And that’s why she’s giving a major presentation for Kinky Hair Unlocked, a hair care symposium taking place in Atlanta on April 24. The event will educate women on how to tend to their hair needs in order to achieve healthy hair. I talked to Dr. Kari about what folks in Atlanta can expect from her presentation, and obtained some major insight on all the hair issues we’ve all been dealing with.
I’ll be posting more of her advice as the week(s) go on, but for now, here’s what she had to say about why we shouldn’t run from sulfates and silicones, and the right and wrong way to rock braids and faux locs.
What Myths She Hopes To Dispel At Kinky Hair Unlocked
It’s bringing together the top tier experts and influencers in our industry. What makes us different is that we have background knowledge. Anytime I’ve done events in the past with other bloggers, I always tell the attendees, it’s great that a community has been built around haircare, specifically the natural hair care industry where women can tap into one another and get tips, suggestions. But what has happened with the influx of a lot of bloggers and people trying to experiment and do a lot of things is that it’s created a lot of myths and misunderstandings. What’s going to make this event different is that we’re bringing together these experts, myself being one of them, to really give consumers real knowledge. My hope, and my presentation, is to dispel a lot of myths. My presentation is pecifically going to be about the science behind hair care, but most importantly, what’s in your products. And really, we’re going to look at the ingredients in your products and try to understand what those ingredients really mean and how it can benefit you and your hair type to ultimately create a foundation to help your hair grow healthy. I want to generate a conversation, especially when it comes to the topic of silicones and sulfates. I know that when a lot of people begin to pay more attention to the labels and what’s actually in products, suddenly sulfates and silicones became the bad guy for hair. A lot of people were attributing scalp discomfort and hair breakage to these particular ingredients without fully understanding how they’re formulated in their products, and the benefits they can receive when these particular ingredients are used in moderation and formulated correctly.
Why Sulfates And Silicones Really Aren’t So Bad
Sulfates are actually derived from coconuts. It’s this type of information that I want to share with the audience. I also want to challenge the audience. If we’re looking at specific ingredients that we see all the time and we put the product back on the shelf because we’re like, “Uh oh, I see a sulfate,” or “Uh oh, I see something that has a cone in it and I don’t like that,” or “Uh oh, I see the word alcohol and I don’t want that.” A lot of the time, when we see the word alcohol, those are actually emulsifiers. But we don’t understand the chemistry as consumers. So you see alcohol and you think drying. No, that’s simply an emulsifier so that the oils and waters can mix.
On Doing Brandy’s Braids
I’m her regular stylist. I’m so humbled and blessed to be her main braider. I tell her all the time, “Girl, I can’t believe I’m now giving you the braids, because when I was younger I wanted the braids.”

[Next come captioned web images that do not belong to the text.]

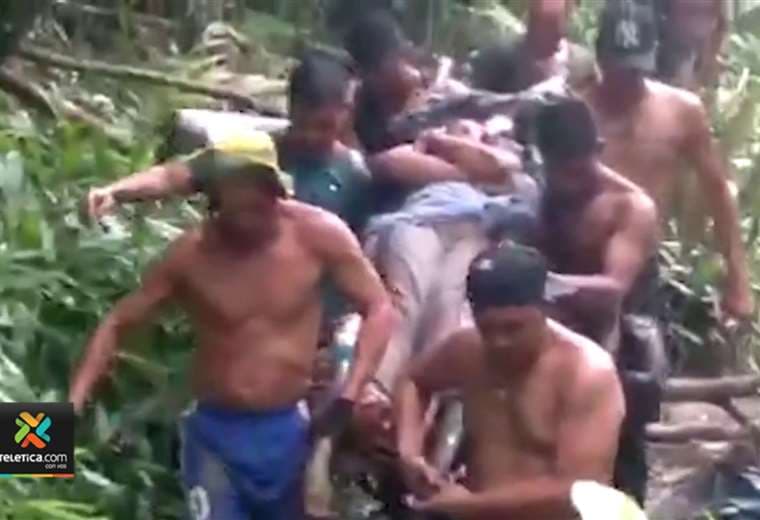 Venezolanos rescataron a mujer africana abandonada y herida en selva del Darién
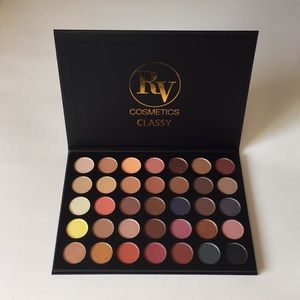 All neutral eyeshadow palette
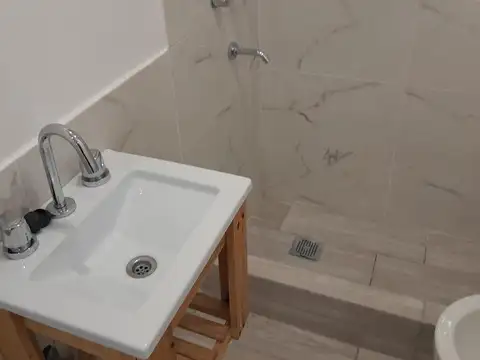 Depto Tipo Casa en Venta al Este
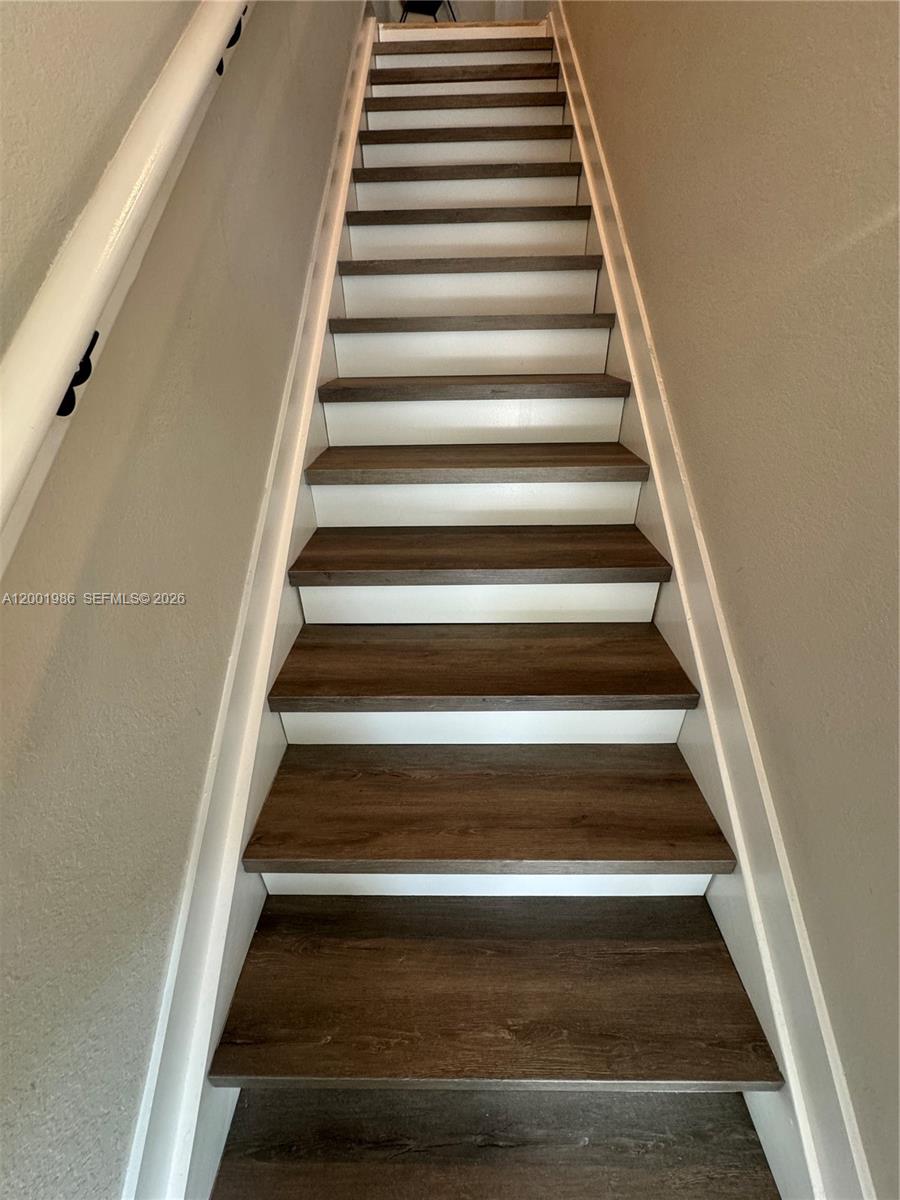 COSTA BLANCA VILLAS - Residential Lease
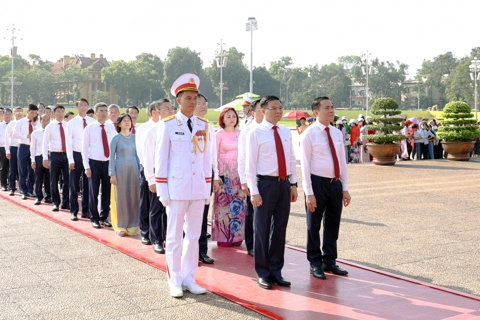 Đoàn đại biểu Đảng bộ Petrovietnam vào Lăng viếng Chủ tịch Hồ Chí Minh
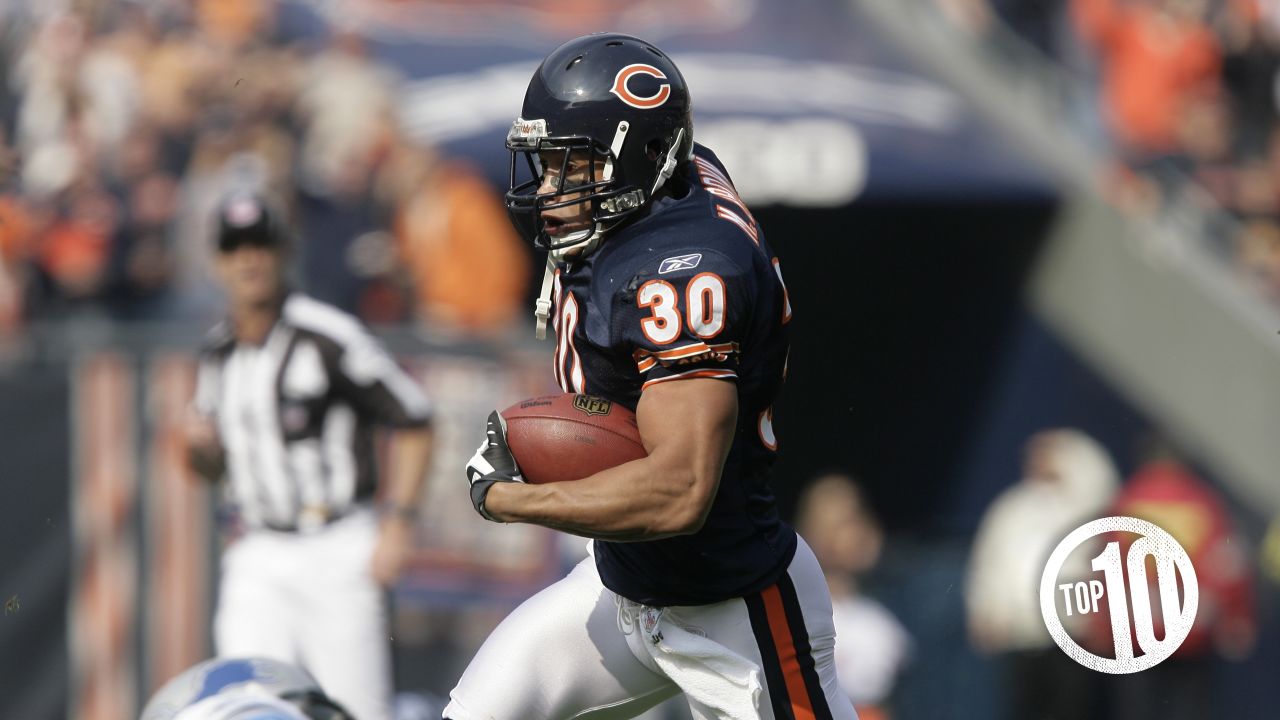 Chicago Bears saw Mike Brown as a smart, impact playmaker when they drafted  him in 2000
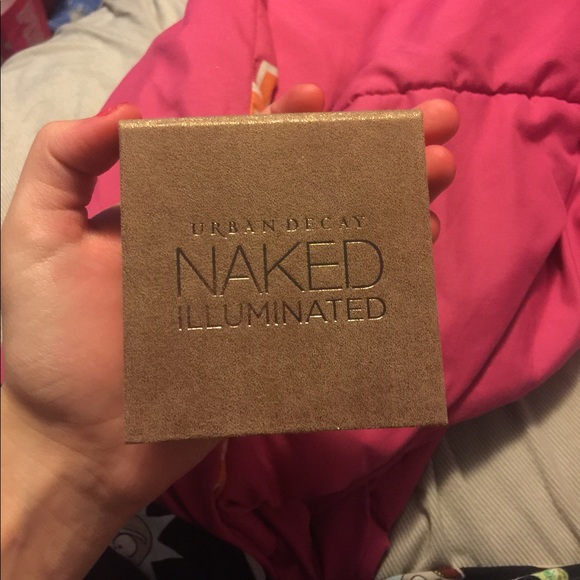 Urban Decay Naked Illuminated Highlighter - Picture 5 of 8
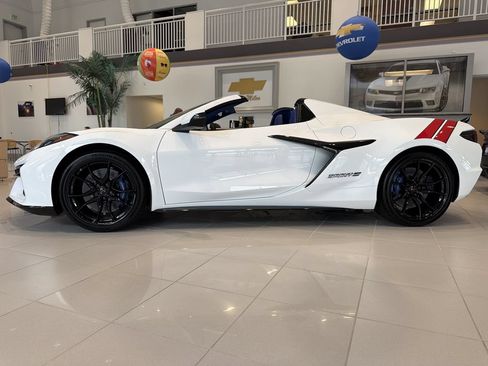 New 2027 Chevrolet Corvette Grand Sport w/ Grand Sport Launch Edition RWD image 2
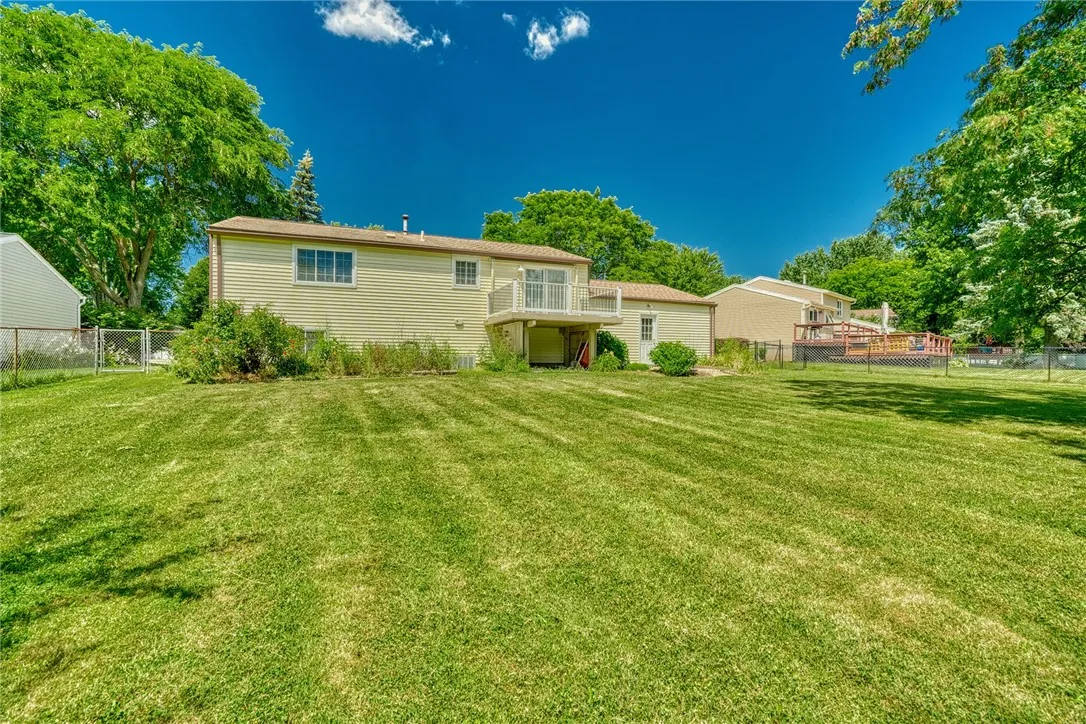 26 Donlin Drive, Ogden, New York 14624, Ogden, New York 14624, 3 Bedrooms Bedrooms, 8 Rooms Rooms,1 BathroomBathrooms,Residential,Closed,26 Donlin Drive, Ogden, New York 14624,0,R1624740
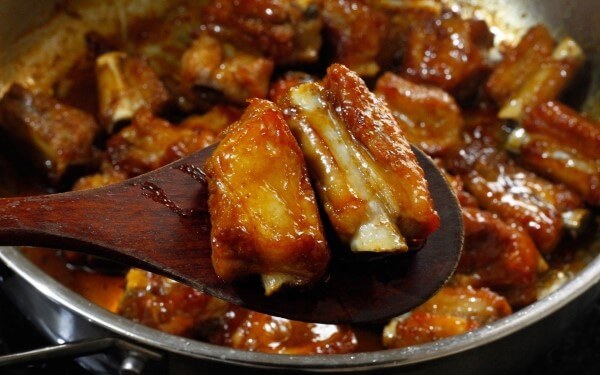 Đổ phần nước sốt đã chuẩn bị vào chảo và đảo đều cho đến khi sốt sánh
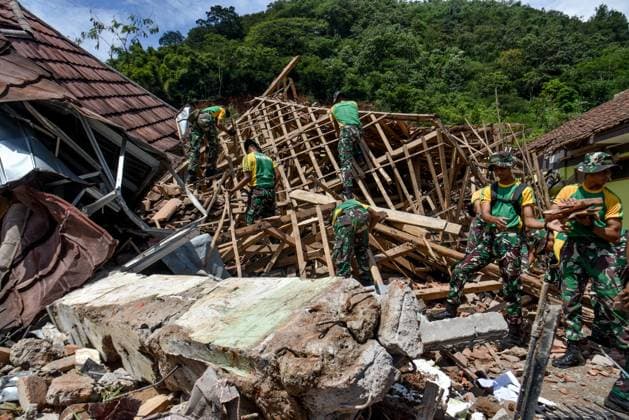 News Themen der Woche KW21 News Bilder des Tages Indonesien, Erdrutsch auf Westjava May 19, 2025, Bandung Regency, West Java, Indonesia: Indonesian National Army members remove building materials that collapsed due to a landslide in Kendan Village, Nagreg District, Bandung Regency, West Java. The landslide that occurred on Sunday, May 18th last night due to high intensity rain resulted in the office complex and village facilities as well as one resident s house being severely damaged and three people were injured. Bandung Regency Indonesia - ZUMAr272 20250519_zip_r272_005 Copyright: xDimasxRachmatsyahx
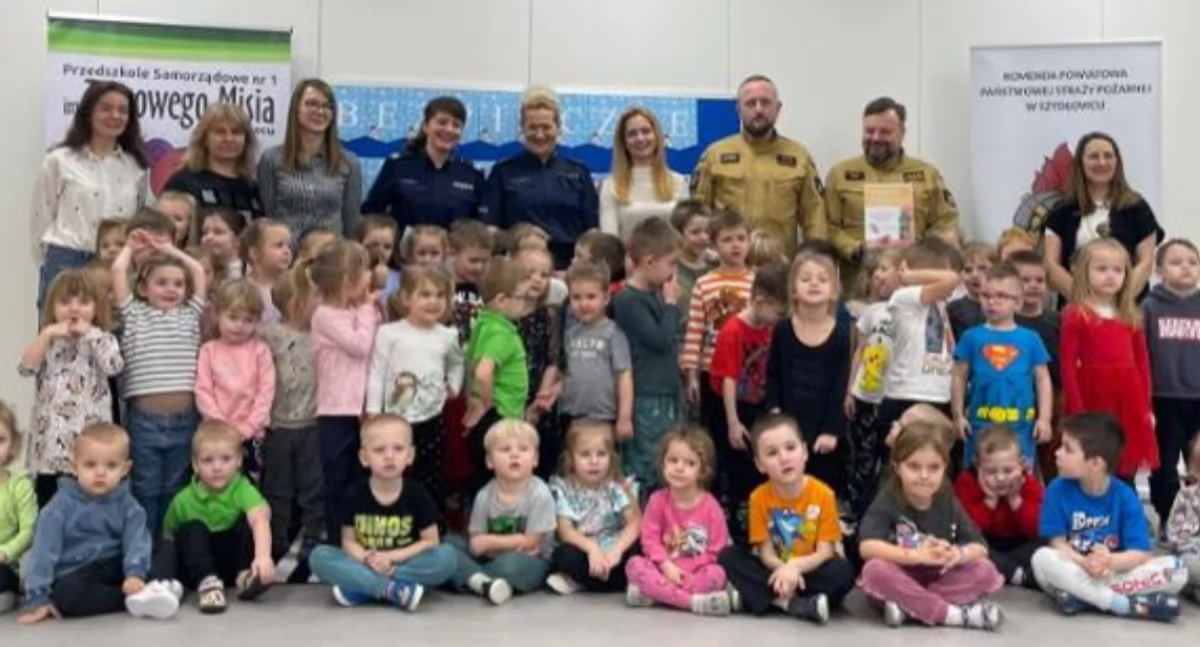 Straż Pożarna, Strażacy Szydłowca uczą dzieci bezpieczeństwa podczas zimowego wypoczynku - zdjęcie, fotografia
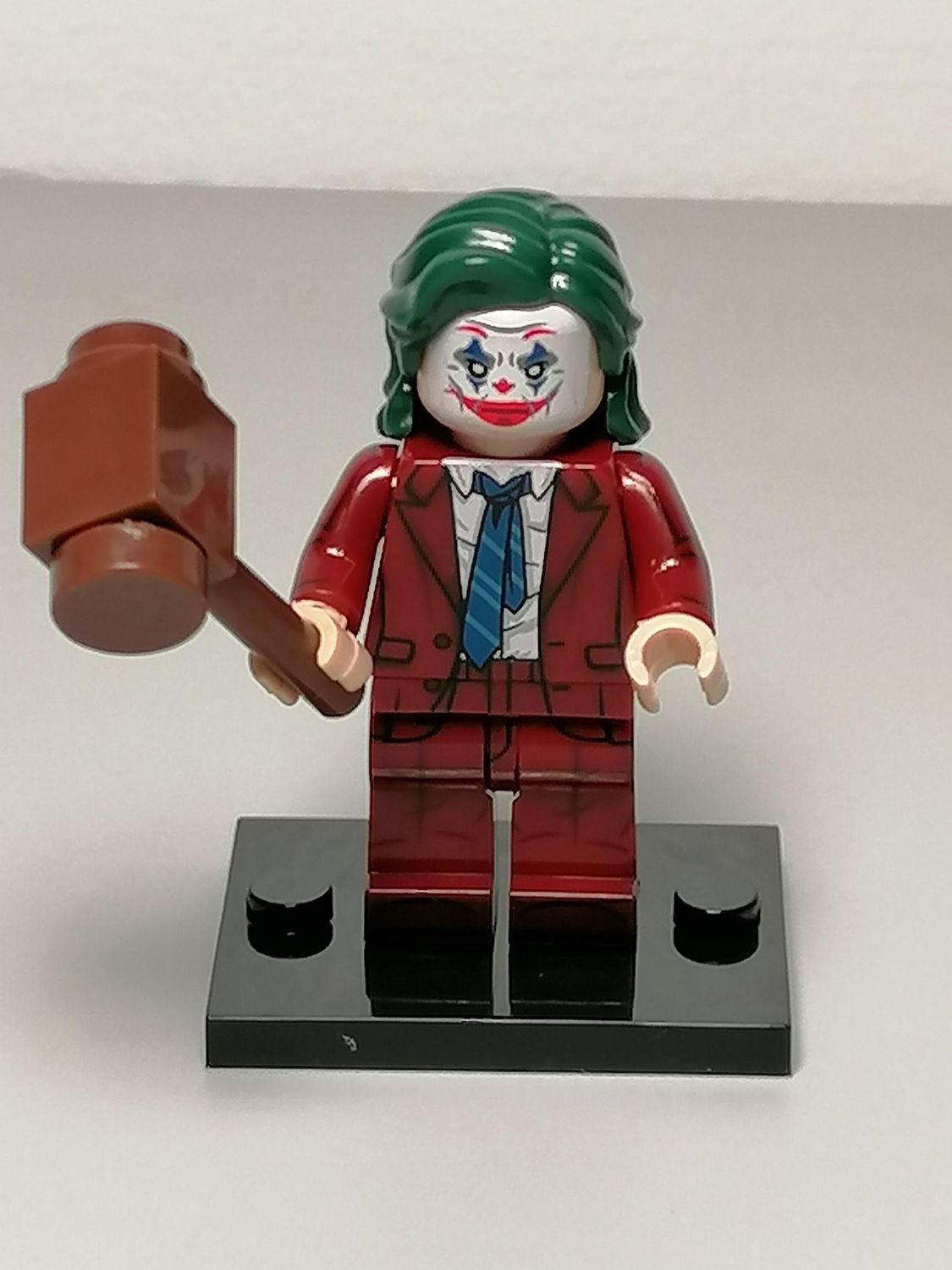 Joker minifigure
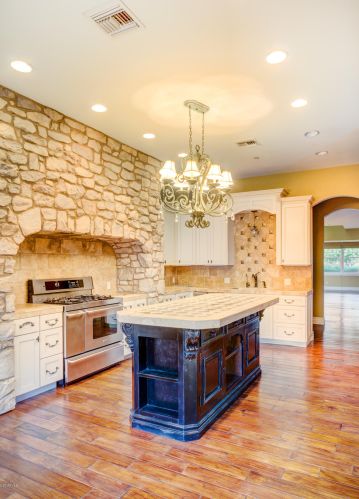 8116 3rd Ave, Phoenix AZ 85086-7203 exterior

The Right And Wrong Way To Do Protective Braids
You can wear a braid style up to 8-10 weeks. If you’re going to wear them for the max amount of time, I highly recommend that you get a touch-up between four and six weeks. A touch-up means getting your hairline re-braided. The reason why this is important is because that’s the area that’s manipulated the most and that’s the area that suffers the most damage because we’re manipulating it the most, as far as pulling it back into styles.
The hair around the hairline is the most fragile. So when you think about adding an extension, whether it’s a braid or a faux loc, that’s weight on a small section of hair. And the more your hair grows out, the more fragile that hair becomes because instead of it being anchored to your scalp, it’s now hanging on loose hair, which weakens those strands. That’s the common cause of the traction and breakage we see around the hairline. So typically, after four and six weeks — because the hair can grow up to half an inch a month — you’ll have some new growth, and enough new growth where you can go around the hairline, touch it up, and now you can wear the style for another month without compromising the health of your hairline.
Why Faux Locs Need To Be Treated Differently
Faux locs, you can go a bit longer. What people like about faux locs is that the older they get, the more natural they look. Because of the dual layer and process, I tell my clients with faux locs that they can go up to seven weeks before they need to come in for a touch-up. My faux loc clients will wear their faux locs up to three months. I tell them that four months is pushing it. It can cause some matting and some breakage when they’re taking out the locs. But up to three months is fine, but definitely, get a touch-up in between that time to help with the health of your hairline.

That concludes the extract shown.